Militancy industrial complex

el Prof
March 1, 2022

I always thought real artists (the old-world fiat money laundering types, at least)  move in silence, reaching the public eye only when a piece sells for a record price. Something about prestige, exclusivity, mystique — dying notions in the age of transparency. Then, today, while seeking a Ukrainian artist to highlight in this column, I stumbled across Stepan Ryabchenko, who, with a mere 3k followers to his name, has been featured internationally in galleries as large as Saatchi & Saatchi. Apparently, Internet clout isn’t all we H0Rs believe it to be.

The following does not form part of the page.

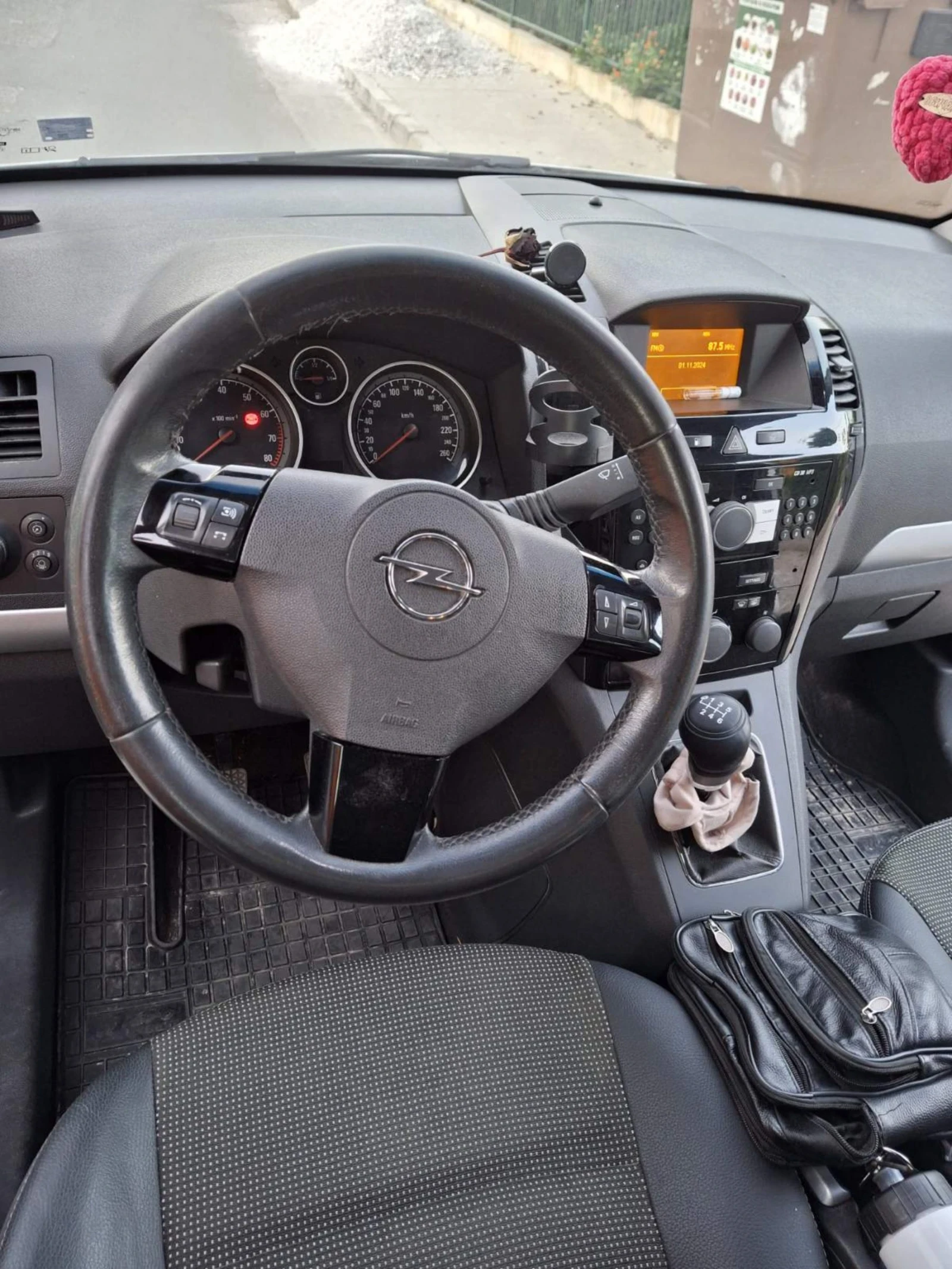 Opel Zafira  - изображение 9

Stepan, turns out, renders both old and new styles of fine art impeccably. He sold his first and only NFT on the member-curated platform Foundation for an entire ETH. But it appears to have been a one-off experiment, fitting with the wide variety of forms he creates in. Traversing his Instagram feed is like bouncing around a random image generator, featuring everything from a corrupted take on Mondrian to steel obelisks shaped like the pile of half-finished books precariously balanced on my desk corner to architectural concepts quite literally elevating our own color scheme.

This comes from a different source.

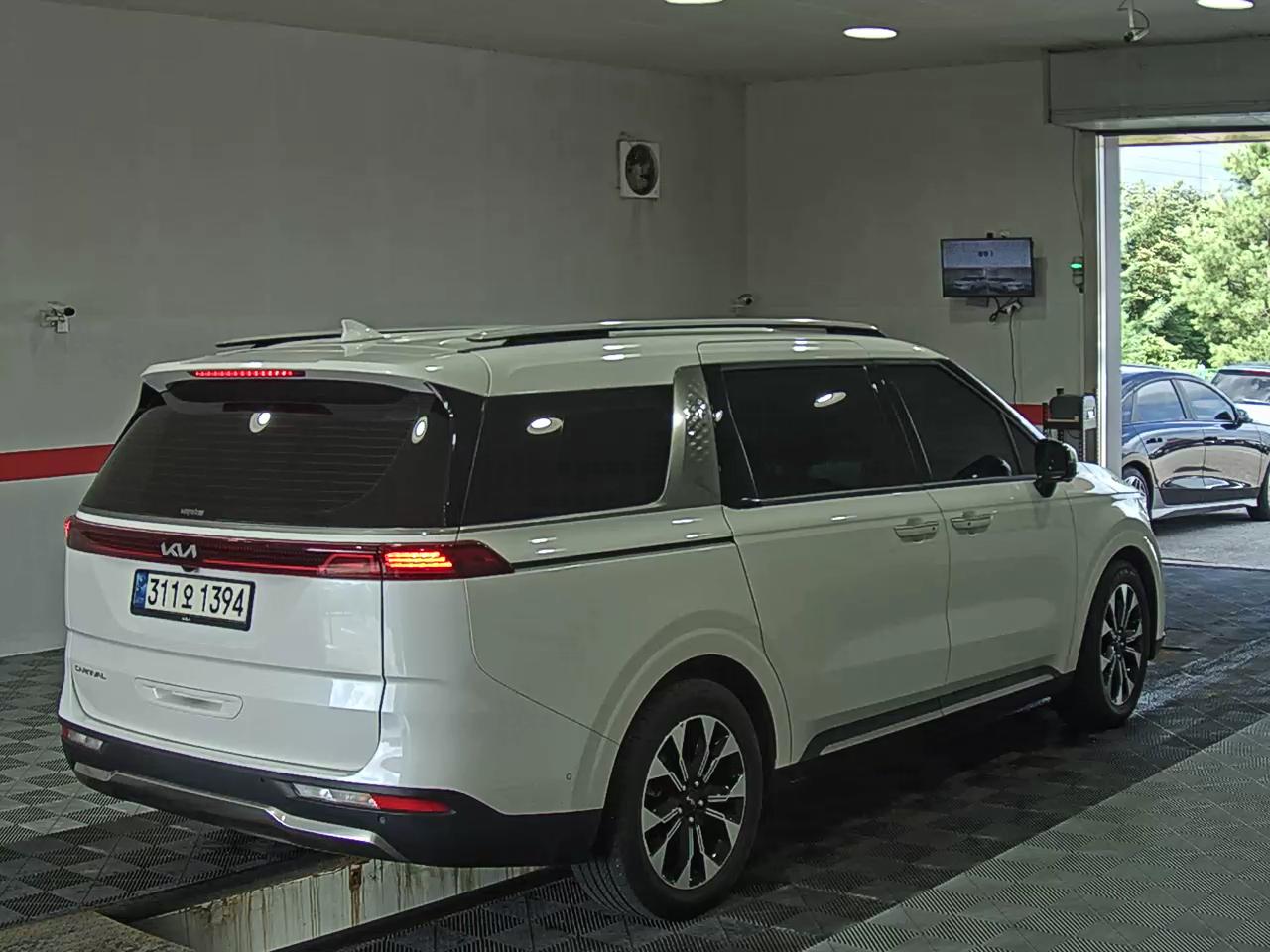 2022 - kia carnival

But above all (and fitting with the reason we’ve adopted a different one for today) Stepan embodies the proud Eastern European tradition of protest as art. The image pictured above was a proposed military structure, designed by Stepan in 2010 and shared again 4 days ago, with the caption: ‘You can show the authorities, it makes sense to finally pay attention.’ Surrounded by sheep, it stands now as a poignant monument to Ukrainians of the past and present, fighting for their voices to be heard, and as a reminder to the artists of the future: never be too silent.